Court Ruling Details
U.S. District Judge Amit Mehta issued a 17-page opinion Monday declaring the Trump administration's actions illegal after it canceled grants for clean energy projects in 16 states that voted for Democrat Kamala Harris in the 2024 election. The judge found that the administration violated the Constitution's equal protection requirements through its targeting strategy.
"Defendants freely admit that they made grant-termination decisions primarily — if not exclusively — based on whether the awardee resided in a state whose citizens voted for President Trump in 2024," Mehta wrote in his opinion. The administration offered no explanation for how their "purposeful targeting of grant recipients based on their electoral support for Trump — or lack of it — rationally advances their stated government interest," the judge added.
Affected Projects and States
The canceled grants supported hundreds of clean energy projects across multiple sectors, including battery plants, hydrogen technology projects, upgrades to the electric grid, and efforts to capture carbon dioxide emissions.
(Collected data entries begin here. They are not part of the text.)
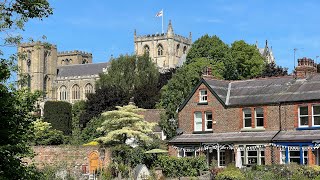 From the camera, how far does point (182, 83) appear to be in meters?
62.1

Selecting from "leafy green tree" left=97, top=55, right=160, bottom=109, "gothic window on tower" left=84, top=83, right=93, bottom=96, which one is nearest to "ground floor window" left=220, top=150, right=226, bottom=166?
"leafy green tree" left=97, top=55, right=160, bottom=109

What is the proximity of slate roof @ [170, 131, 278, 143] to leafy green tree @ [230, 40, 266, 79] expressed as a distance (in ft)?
125

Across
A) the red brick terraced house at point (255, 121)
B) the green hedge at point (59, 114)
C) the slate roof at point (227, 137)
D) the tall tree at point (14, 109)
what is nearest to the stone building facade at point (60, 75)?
the green hedge at point (59, 114)

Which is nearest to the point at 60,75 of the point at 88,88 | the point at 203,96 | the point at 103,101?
the point at 88,88

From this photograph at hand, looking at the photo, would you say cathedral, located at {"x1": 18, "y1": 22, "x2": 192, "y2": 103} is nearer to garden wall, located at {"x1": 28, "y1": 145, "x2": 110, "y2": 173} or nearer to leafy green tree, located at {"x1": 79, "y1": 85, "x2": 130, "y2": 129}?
leafy green tree, located at {"x1": 79, "y1": 85, "x2": 130, "y2": 129}

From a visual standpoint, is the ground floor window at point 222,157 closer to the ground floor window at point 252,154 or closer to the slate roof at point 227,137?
the slate roof at point 227,137

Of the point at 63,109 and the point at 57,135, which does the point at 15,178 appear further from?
the point at 63,109

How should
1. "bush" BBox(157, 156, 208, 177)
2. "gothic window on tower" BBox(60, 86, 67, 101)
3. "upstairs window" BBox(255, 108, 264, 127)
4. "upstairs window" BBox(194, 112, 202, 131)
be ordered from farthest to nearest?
"gothic window on tower" BBox(60, 86, 67, 101) < "upstairs window" BBox(194, 112, 202, 131) < "upstairs window" BBox(255, 108, 264, 127) < "bush" BBox(157, 156, 208, 177)

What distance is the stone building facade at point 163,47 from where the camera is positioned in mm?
150125

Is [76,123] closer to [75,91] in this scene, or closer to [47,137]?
[47,137]

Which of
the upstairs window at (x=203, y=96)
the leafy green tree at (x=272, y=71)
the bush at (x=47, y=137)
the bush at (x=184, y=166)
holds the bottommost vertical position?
the bush at (x=184, y=166)

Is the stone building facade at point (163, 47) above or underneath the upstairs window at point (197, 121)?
above

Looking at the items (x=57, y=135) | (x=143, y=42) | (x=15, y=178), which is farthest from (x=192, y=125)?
(x=143, y=42)

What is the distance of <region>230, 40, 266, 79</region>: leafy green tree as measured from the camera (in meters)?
82.6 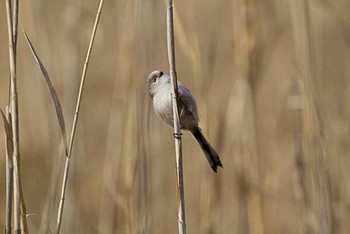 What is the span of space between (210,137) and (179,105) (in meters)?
0.74

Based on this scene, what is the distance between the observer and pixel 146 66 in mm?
1369

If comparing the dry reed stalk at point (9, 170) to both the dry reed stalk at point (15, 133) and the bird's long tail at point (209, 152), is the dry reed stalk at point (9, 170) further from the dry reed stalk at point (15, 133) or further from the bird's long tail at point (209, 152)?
the bird's long tail at point (209, 152)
All 16 targeted states had supported Harris in the election.
| State Category | Details |
|---|---|
| Affected States | California, Colorado, Connecticut, Delaware, Hawaii, Illinois, Maryland, Massachusetts, Minnesota, New Hampshire, New Jersey, New Mexico, New York, Oregon, Vermont, Washington |
| Major Cuts | Up to ₹1.2 billion for California's hydrogen hub, up to ₹1 billion for Pacific Northwest hydrogen project |
| Spared Projects | Texas hydrogen project, three-state project in West Virginia, Ohio, and Pennsylvania |
Administration's Defense
The Energy Department defended its decision, stating the projects were terminated after a review determined they did not adequately advance the nation's energy needs or were not economically viable. Russell Vought, the White House budget director, said on social media that "the Left's climate agenda is being canceled."
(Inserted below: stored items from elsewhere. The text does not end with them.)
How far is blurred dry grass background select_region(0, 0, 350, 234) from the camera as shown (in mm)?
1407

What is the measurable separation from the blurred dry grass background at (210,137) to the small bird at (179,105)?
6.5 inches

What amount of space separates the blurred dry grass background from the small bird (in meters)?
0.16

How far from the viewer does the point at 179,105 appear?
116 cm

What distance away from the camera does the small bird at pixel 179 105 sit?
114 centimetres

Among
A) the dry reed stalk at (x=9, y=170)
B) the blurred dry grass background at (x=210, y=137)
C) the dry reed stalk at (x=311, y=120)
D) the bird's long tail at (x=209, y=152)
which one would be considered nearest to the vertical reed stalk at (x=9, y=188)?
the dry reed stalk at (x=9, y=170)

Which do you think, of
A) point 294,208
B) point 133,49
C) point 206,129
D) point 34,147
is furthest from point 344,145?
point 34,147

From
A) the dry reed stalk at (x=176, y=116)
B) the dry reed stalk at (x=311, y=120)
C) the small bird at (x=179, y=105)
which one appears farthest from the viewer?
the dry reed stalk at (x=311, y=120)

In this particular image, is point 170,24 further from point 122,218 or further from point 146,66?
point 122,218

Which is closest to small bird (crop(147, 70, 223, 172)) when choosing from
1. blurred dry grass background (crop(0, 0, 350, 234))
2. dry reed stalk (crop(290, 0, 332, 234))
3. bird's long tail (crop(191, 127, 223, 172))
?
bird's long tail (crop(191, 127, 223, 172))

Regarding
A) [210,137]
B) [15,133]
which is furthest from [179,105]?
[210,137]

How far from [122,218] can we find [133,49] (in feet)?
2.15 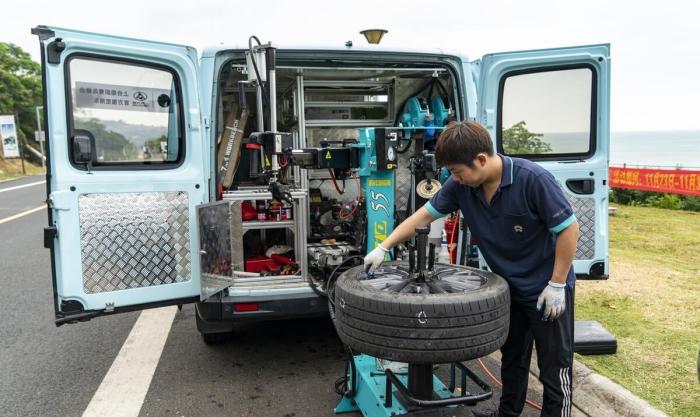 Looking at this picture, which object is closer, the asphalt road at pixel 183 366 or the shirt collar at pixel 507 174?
the shirt collar at pixel 507 174

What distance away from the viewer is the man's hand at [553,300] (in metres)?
2.61

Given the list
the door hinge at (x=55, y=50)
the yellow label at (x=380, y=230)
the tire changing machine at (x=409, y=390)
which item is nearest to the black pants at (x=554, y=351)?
the tire changing machine at (x=409, y=390)

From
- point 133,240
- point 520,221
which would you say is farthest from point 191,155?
point 520,221

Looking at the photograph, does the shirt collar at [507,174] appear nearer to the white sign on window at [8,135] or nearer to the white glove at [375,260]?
the white glove at [375,260]

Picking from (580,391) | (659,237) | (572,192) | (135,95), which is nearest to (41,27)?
(135,95)

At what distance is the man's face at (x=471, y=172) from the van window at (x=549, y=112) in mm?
1814

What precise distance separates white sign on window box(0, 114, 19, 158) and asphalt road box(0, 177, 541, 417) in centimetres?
3516

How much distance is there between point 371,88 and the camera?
610 centimetres

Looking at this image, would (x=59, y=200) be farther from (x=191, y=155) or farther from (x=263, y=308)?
(x=263, y=308)

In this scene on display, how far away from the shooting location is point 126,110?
3680 mm

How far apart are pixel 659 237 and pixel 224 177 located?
7.60 meters

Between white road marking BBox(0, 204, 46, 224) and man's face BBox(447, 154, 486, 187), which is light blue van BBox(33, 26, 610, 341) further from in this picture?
white road marking BBox(0, 204, 46, 224)

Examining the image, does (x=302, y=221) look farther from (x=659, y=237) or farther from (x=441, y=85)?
(x=659, y=237)

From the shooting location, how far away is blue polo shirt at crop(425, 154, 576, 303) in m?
2.59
Energy Department spokesman Ben Dietderich said officials disagree with the judge's decision, stating: "Officials stand by our review process, which evaluated these awards individually and determined they did not meet the standards necessary to justify the continued spending of taxpayer dollars. The American people deserve a government that is accountable and responsible in managing taxpayer funds."
Legal Challenge and Response
The city of St. Paul and a coalition of environmental groups filed the lawsuit after losing their grants. Vickie Patton, general counsel for the Environmental Defense Fund, said the court ruling "recognized that the Trump Department of Energy vindictively canceled projects for clean affordable energy that just happened to be in states disfavored by the Trump administration."
Anne Evens, CEO of Elevate Energy, one of the groups that lost funding, said the court ruling would help keep clean energy affordable and create jobs. "Affordable energy should be a reality for everyone, and the restoration of these grants is an important step toward making that possible," she said.
The ruling represents the second legal setback for the administration's clean energy rollback efforts in a single day, as a separate federal judge also ruled that work on a major offshore wind farm for Rhode Island and Connecticut can resume.